Last year saw the publication of the Financial Times columnist Simon Kuper’s superb book Chums, which was about two connected stories: the hatching of the idea of Brexit at Oxford, and the tale of how the Conservative party eventually ended the unbroken run of state-educated leaders that had gone from Ted Heath to Michael Howard. “In the 1980s,” Kuper wrote, “the upper classes were regaining the confidence that had been beaten out of them during Britain’s social democratic 1945-to-1979 era.”
For all Margaret Thatcher’s patina of petit-bourgeois meritocracy, he said, “during her reign, privilege and the right accent became something to be celebrated again”. You see this vividly in the infamous Bullingdon Club photograph featuring Johnson and David Cameron, taken at Oxford in 1987; two decades later, when Cameron became Tory leader, the renaissance of poshness and entitlement was complete. Kuper describes Cameron as “a quasi aristocrat who ruled the UK with a posh clique of school chums”, a way of doing things at least partly adopted by his latest successor: Sunak’s new “political secretary” is the former Times and Spectator writer James Forsyth, a schoolfriend from Winchester.
There have been two recurring themes in recent political history. Johnson crystallised a sense of rich and powerful people acting with assumed impunity; Sunak, the weak prefect, seems so accustomed to such behaviour that he can’t figure out how to stop it. But this story blurs into something even bigger: a chain of people safely bound into absurd networks of privilege have taken endlessly stupid decisions, knowing that their wealth and connections mean they will never have to worry about the consequences. This is the essential story of how Britain was led out of the European Union by such privately educated chancers as Johnson, Rees-Mogg, Nigel Farage, Dominic Cummings and the former Tory MEP Daniel Hannan. It also applies to the years of austerity instigated by Cameron, George Osborne and Nick Clegg.
The context for these tragedies remains as brazen and appalling as ever: at the last count, two-thirds of senior judges were privately educated, along with 51% of what the Sutton Trust charity calls “leading journalists”, and 52% of foreign office diplomats. The figure for Sunak’s cabinet is 65%.

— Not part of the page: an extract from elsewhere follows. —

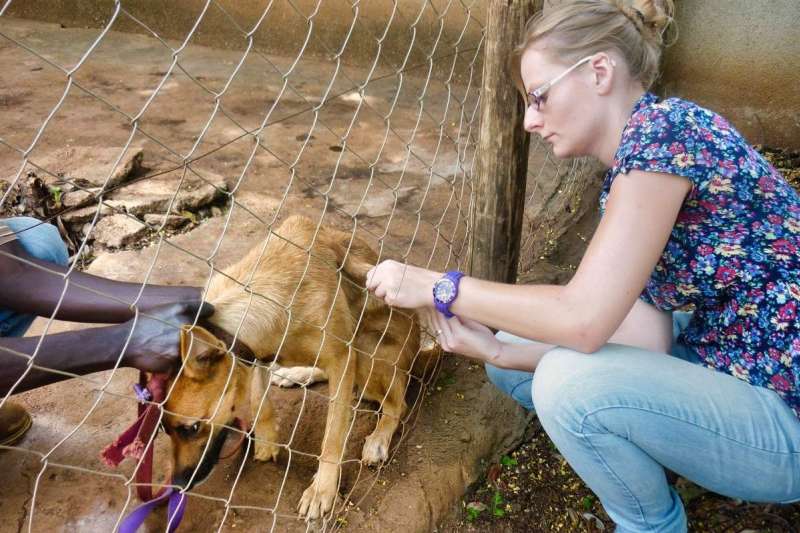 Veterinary Internship at Kilimanjaro, Tanzania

We may break the conveyor belt that leads from private schools to the commanding heights of power with a simple change: ensuring that the intake of Oxford, Cambridge and all Russell Group universities reflects the proportion of people in the UK who are state educated (93%). I also wonder if it would be an idea to do what Kuper suggests, and turn Oxford and Cambridge into postgraduate institutions, ending “elite” undergraduate education altogether.
But obviously, there is so much more to do: put crudely, a huge process of reform and positive discrimination that would finally open up our institutions, and belatedly begin their transformation. Even as Britain tumbles, this conversation has barely begun. It ought to start with a blunt acknowledgment: that there is no way out of this country’s morass of failure and sleaze until all those circles of power and entitlement are finally pushed aside.